You must join each View Connection Server host to an Active Directory domain. The host must not be a domain controller.
Active Directory also manages the Horizon Agent machines, including single-user machines and RDS hosts, and the users and groups in your Horizon 7 deployment. You can entitle users and groups to remote desktops and applications, and you can select users and groups to be administrators in View Administrator.

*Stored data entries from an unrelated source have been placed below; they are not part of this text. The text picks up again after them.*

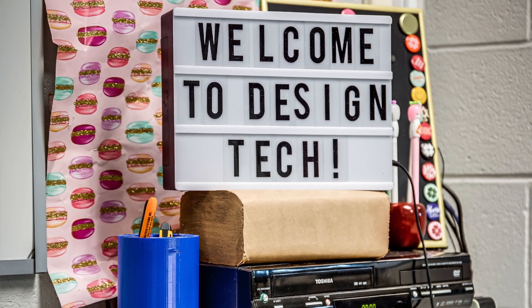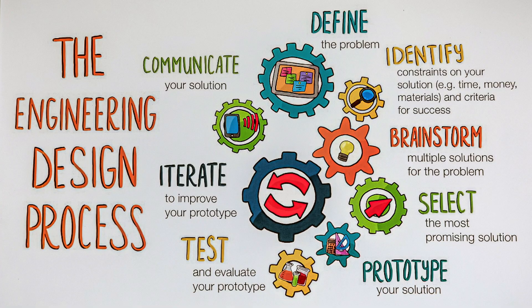Technological education as a whole has always been inquiry-based. Students are using the tenets of the design process and also the six C's to go ahead and to create, to collaborate, have critical thinking skills, and to really recognize that failure is something that happens when you're working and fabricating with something.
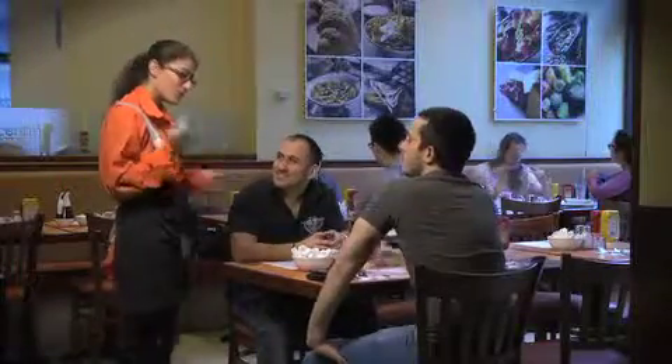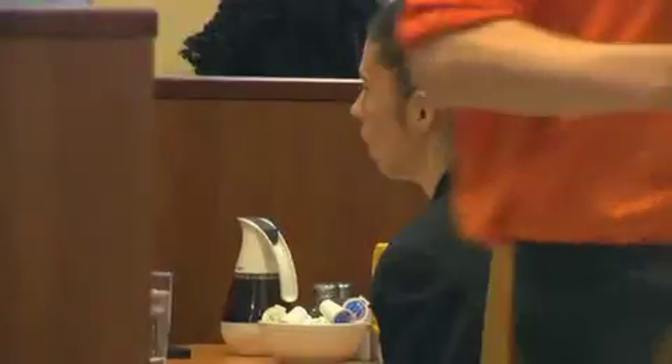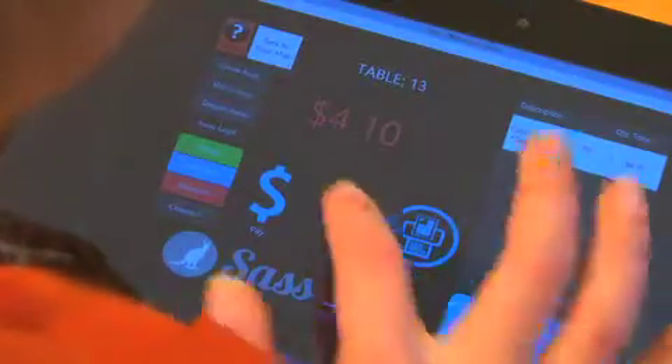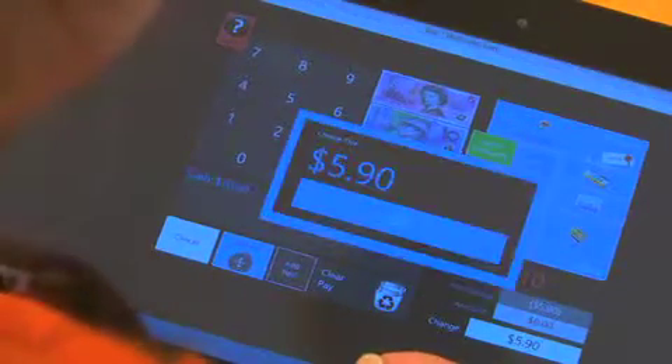Our simple and easy-to-use tablet point-of-sale software, that's built into your staff's aprons, allows you to take table orders within seconds and wirelessly print to your kitchen printer. This innovative and revolutionary software, developed by SAS&Co, changes the way you manage your cafes or restaurants.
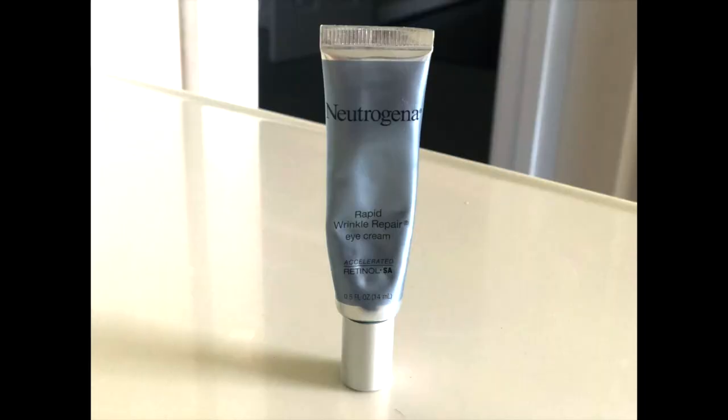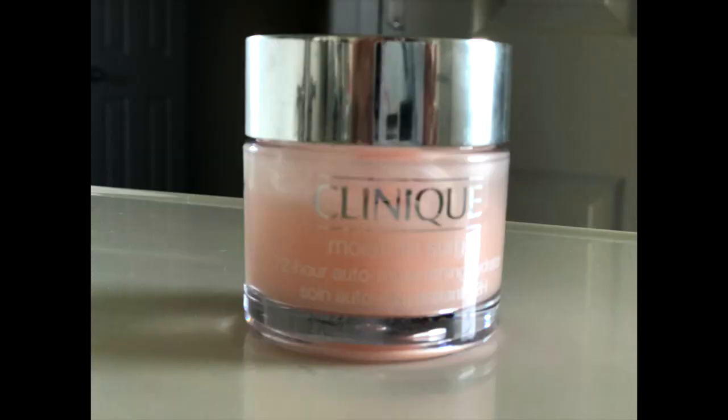Next I go with my eye cream — I've been using this Neutrogena one. I take a little bit and dab it around my eye, and I use this only at nighttime. After that, I go with my moisturizer. Your nighttime moisturizer should be heavier than the morning one, so I use this Clinique Moisture Surge. That's my nighttime skincare routine.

You can place Horizon Agent machines, View Composer servers, and users and groups, in the following Active Directory domains:
The View Connection Server domain
A different domain that has a two-way trust relationship with the View Connection Server domain
A domain in a different forest than the View Connection Server domain that is trusted by the View Connection Server domain in a one-way external or realm trust relationship
A domain in a different forest than the View Connection Server domain that is trusted by the View Connection Server domain in a one-way or two-way transitive forest trust relationship
Users are authenticated using Active Directory against the View Connection Server domain and any additional user domains with which a trust agreement exists.
If your users and groups are in one-way trusted domains, you must provide secondary credentials for the administrator users in View Administrator. Administrators must have secondary credentials to give them access to the one-way trusted domains. A one-way trusted domain can be an external domain or a domain in a transitive forest trust.
Secondary credentials are required only for View Administrator sessions, not for end users' desktop or application sessions. Only administrator users require secondary credentials.
You can provide secondary credentials by using the vdmadmin -T command.
You configure secondary credentials for individual administrator users.
For a forest trust, you can configure secondary credentials for the forest root domain. View Connection Server can then enumerate the child domains in the forest trust.
For details, see "Providing Secondary Credentials for Administrators Using the -T Option" in the View Administration document.
Because security servers do not access any authentication repositories, including Active Directory, they do not need to reside in an Active Directory domain.